**GIVEN DATA:**
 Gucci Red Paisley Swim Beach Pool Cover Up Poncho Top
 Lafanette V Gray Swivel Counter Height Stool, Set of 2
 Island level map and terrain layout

**EXERCISE PROMPT:**
Return all the lines shown above, word for word.

**TASK SOLUTION:**
 Gucci Red Paisley Swim Beach Pool Cover Up Poncho Top
 Lafanette V Gray Swivel Counter Height Stool, Set of 2
 Island level map and terrain layout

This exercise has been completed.